Another limitation of statistical and econometric methods lies in the fact that they were designed around and can only consume structured data with traditional numeric or categorical coding and a limited number of features. These methods can not effectively handle unstructured textual data or passages of narratives. Due to recent advancements in AI and the abundance of narrative data captured in crash reports, natural language processing (NLP) methods have been applied in text mining of crash narratives [9,10,11]. In previous works, researchers are required to collect a large amount of high-quality, labeled crash reports for model training. However, this process is time-consuming and costly. Additionally, low-quality training data and poorly chosen training parameters can lead to undesirable performance. In contrast, large language models (LLMs) offer a distinct advantage by leveraging their immense knowledge acquired from extensive pre-training with vast datasets, effectively addressing these challenges. Motivated by their superior capability to comprehend and generate human-like text, this study aims to investigate whether LLMs can process complex and unstructured data in traffic safety domain to enable elaborate case-specific analysis.

Despite the release of numerous LLMs, represented by the GPT family [12] and LLaMA family [13], their ability for traffic crash analysis and reasoning remains unexplored. Applying LLMs to crash analysis presents two major challenges: (1) it requires LLMs to fully understand the domain knowledge and potential causality behind crash events. However, LLMs, typically built on transformer architectures, are often regarded as “black-box” models, making it difficult to interpret their decision-making processes. (2) while LLMs possess extensive real-world knowledge acquired from the pre-training stage, they are not specialized in analyzing textual data in crash reports. This creates an alignment gap between the model’s original intent and the specific requirements of this specific task.

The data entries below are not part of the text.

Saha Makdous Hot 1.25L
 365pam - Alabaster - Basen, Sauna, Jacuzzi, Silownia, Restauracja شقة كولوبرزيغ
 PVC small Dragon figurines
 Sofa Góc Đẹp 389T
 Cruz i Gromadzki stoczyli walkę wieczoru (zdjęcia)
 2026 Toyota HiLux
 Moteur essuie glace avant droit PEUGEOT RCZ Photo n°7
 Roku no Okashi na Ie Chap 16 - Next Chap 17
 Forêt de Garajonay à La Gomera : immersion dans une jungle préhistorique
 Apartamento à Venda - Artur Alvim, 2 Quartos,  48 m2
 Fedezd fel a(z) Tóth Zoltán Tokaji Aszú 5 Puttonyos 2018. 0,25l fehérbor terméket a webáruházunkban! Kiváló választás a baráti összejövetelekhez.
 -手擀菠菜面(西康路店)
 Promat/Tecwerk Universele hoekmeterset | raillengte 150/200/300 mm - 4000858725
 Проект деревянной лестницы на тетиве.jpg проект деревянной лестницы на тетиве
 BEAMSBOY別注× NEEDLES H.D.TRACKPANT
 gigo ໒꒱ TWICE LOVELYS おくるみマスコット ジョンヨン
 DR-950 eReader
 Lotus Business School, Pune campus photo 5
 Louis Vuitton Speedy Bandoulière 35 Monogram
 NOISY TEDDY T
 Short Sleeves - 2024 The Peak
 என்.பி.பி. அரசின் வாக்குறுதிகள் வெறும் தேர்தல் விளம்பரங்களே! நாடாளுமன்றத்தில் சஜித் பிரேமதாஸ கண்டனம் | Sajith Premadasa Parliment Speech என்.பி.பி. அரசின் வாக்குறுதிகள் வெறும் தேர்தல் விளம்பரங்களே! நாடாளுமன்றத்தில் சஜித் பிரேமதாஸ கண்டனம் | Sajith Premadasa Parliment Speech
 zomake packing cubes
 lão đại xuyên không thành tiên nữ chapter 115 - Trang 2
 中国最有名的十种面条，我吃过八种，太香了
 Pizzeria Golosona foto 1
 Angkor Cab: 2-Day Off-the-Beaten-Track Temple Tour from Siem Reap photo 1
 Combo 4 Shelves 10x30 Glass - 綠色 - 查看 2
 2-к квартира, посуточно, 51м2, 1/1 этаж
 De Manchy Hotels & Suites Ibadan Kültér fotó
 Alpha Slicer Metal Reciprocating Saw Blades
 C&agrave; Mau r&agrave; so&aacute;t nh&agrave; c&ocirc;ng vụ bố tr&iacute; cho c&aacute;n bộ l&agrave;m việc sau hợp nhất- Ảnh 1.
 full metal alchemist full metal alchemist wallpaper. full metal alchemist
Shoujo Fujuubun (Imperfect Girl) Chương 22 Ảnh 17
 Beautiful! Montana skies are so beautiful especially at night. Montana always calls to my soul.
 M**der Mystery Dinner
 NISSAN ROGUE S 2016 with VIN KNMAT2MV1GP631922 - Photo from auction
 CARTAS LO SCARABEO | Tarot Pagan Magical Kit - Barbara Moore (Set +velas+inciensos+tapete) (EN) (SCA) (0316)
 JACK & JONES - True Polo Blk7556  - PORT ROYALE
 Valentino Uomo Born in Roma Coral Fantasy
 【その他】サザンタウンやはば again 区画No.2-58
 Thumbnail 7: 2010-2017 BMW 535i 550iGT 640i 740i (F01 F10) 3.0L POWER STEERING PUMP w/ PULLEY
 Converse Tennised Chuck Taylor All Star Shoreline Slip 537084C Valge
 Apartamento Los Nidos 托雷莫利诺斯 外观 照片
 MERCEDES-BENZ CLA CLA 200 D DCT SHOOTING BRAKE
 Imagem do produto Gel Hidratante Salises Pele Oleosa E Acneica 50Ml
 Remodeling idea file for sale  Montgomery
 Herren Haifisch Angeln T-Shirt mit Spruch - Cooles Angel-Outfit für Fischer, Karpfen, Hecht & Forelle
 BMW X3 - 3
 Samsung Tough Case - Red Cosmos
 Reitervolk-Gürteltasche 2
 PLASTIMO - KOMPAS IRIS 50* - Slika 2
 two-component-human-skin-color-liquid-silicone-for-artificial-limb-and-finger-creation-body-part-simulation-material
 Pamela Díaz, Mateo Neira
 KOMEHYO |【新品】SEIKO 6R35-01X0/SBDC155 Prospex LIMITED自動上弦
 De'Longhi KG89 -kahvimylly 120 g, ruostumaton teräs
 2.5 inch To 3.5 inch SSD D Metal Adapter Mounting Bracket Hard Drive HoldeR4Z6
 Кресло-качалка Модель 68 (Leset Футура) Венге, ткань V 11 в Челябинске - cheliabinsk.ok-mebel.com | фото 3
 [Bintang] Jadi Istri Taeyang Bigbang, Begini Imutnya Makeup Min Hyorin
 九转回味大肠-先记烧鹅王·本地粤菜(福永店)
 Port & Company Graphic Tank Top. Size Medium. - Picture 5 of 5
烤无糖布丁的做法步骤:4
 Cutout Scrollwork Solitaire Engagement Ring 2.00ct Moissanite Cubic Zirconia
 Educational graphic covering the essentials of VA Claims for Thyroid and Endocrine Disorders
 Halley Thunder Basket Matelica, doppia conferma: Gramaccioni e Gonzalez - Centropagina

To address the first challenge, we propose to leverage the Chain-of-Thought (CoT) technique to enhance the reasoning capabilities of LLMs [14]. This technique guides the model through a structured reasoning process, helping it better understand the detailed knowledge and causality behind crash data. Additionally, the CoT approach provides explainable reasoning steps for each intermediate result, making the model’s decisions more transparent and easier to interpret. By incorporating CoT, we aim to improve the LLMs’ performance in crash severity modeling, leveraging their capability to effectively process the complex and diverse data relevant to crash analysis.

To address the second challenge, we propose to use prompt engineering (PE) and few-shot learning (FS) to better align the LLMs with the specific requirements of the target task: crash severity modeling and analysis. PE can tailor the input prompts to guide the LLMs toward more relevant and reliable analysis, while few-shot learning can provide the models with specific examples to improve their understanding and performance in the subject domain. By combining these techniques, we aim to bridge the alignment gap and enhance the models’ ability to effectively analyze textual descriptions in crash reports.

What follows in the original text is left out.